The plan is still to thaw the 3d frosties and (attempt to) grow them to 5d blasts. NewRE2 is thinking that it might be better, even if we have to wait a few more days, to let my lining grow pretty thick in an effort to cover all those nooks and crannies in my ute. So those last few days before (potential) transfer could get… interesting. He asked if I would trust him to make the call, based on 20 years experience, of when to do the transfer and WHETHER to do the transfer. I think we’re going off-road here. Since my body is not textbook, he’s thinking outside the box a little. Overall, I like that.

Also… on the subject of what to do if the unthinkable occurs and BOTH embryos look good on day 5 he said he would re-freeze one. He definitively does NOT want to transfer two. So that decision is made for me. I had been leaning towards transferring both just so that this would all be over but it still made me nervous. It’s kind of a relief to have that decision taken away.

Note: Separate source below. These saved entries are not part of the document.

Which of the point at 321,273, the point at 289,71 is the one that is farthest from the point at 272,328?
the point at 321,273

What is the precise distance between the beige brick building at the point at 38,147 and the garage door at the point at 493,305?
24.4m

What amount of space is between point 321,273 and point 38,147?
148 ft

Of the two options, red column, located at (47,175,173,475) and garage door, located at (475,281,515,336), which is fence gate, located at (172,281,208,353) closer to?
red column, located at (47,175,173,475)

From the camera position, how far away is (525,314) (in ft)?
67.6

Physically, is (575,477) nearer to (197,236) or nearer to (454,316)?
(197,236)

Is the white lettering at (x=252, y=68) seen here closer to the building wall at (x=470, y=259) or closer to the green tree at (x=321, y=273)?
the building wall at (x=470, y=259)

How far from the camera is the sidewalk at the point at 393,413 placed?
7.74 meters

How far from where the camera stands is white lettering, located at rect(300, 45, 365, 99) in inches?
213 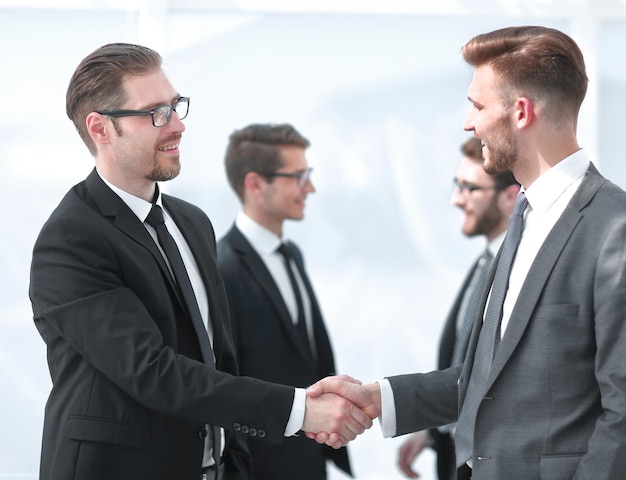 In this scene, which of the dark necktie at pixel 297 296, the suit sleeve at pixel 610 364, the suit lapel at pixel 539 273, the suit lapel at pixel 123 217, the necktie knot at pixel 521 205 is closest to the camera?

All in all I mostly feel good about this plan. The downside is that all the stars and planets have to align to even make it to transfer.

And, if that happens, there’s a whole mountain of other things that have to go right for me to take home a baby.

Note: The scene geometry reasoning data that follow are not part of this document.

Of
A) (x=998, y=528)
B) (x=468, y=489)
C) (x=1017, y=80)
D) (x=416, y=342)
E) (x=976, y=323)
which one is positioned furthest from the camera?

One step at a time. One step at a time.

Moving Snowflakes

December 17, 2012

I finally got the call back from the clinic that holds my two remaining frosties. I had wanted to find out how exactly they would be transported across the country IF I decide to transport them.

They would be Fed.Ex’d, overnight, in ~30lb box of full of styrofoam and whatever other cusioning they can think of surrounding a liquid nitrogen filled coffee/soup like cannister. These cannisters hold enough liquid nitrogen to stay frozen for seven days.

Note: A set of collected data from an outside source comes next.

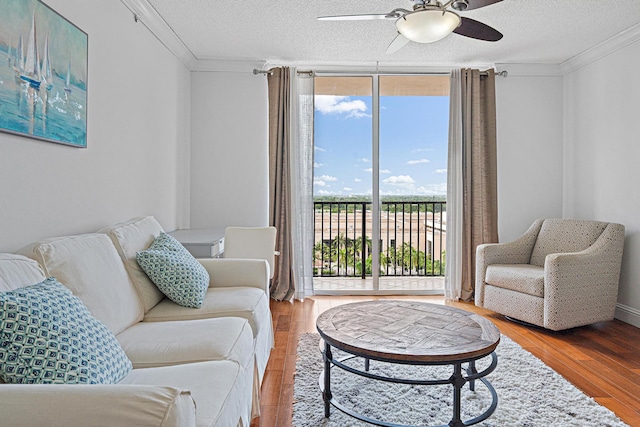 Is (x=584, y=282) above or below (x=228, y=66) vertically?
below

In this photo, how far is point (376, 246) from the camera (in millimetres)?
4684

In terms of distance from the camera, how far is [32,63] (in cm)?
194

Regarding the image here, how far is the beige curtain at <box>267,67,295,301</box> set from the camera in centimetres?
443

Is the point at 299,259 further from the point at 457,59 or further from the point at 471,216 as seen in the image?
the point at 457,59

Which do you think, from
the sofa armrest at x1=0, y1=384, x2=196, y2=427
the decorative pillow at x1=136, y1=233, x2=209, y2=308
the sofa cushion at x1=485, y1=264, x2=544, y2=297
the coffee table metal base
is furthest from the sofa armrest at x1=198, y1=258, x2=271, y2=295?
the sofa cushion at x1=485, y1=264, x2=544, y2=297

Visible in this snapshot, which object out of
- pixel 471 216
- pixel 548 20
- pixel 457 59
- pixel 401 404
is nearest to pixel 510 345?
pixel 401 404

Assuming they are not faulty and don’t break or leak. Apparently, if it gets damaged somehow, they will warm up rather quickly. And be lost.

I would have to assume responsibility for them myself. No suing the clinic if the cannister breaks/leaks. It doesn’t happen often. But it can happen. I cold get hit by a bus tomorrow also. Both are unlikely. I think.

If I wanted to move them to OldREs new clinic down the road from their current home I could just come pick them up and transport them myself. Except that I don’t live there, but that’s not the point. If I do the FET with OldRE, then I will be in town.

Now that I think about it, I could probably hand carry them on a plane also. I didn’t ask about that. But there are a lot of reasons I’m not overly comfortable doing that (flight delays, clinic/lab hours on two coasts). Which is more terrifying? Trusting the Fed Ex guy to deliver them safely or trusting MYSELF to do it?

So… three clinics.

Although I spoke with the lab doc today about potentially going back to my old clinic, I think I can strike that option off the list. I don’t know most of the doctors there. I think the guy who did my retrieval is still there. And since the exodus of OldRE and colleague they’ve pulled someone out of retirement to help out.* And the fellow who visited me everyday in the hospital is now the Senior Fellow. And I’m sure their lab is fine. But we did lose on frosty in that particular lab trying to grow it to 5d. So… I think all signs point to no. I will move the frosties. Somewhere.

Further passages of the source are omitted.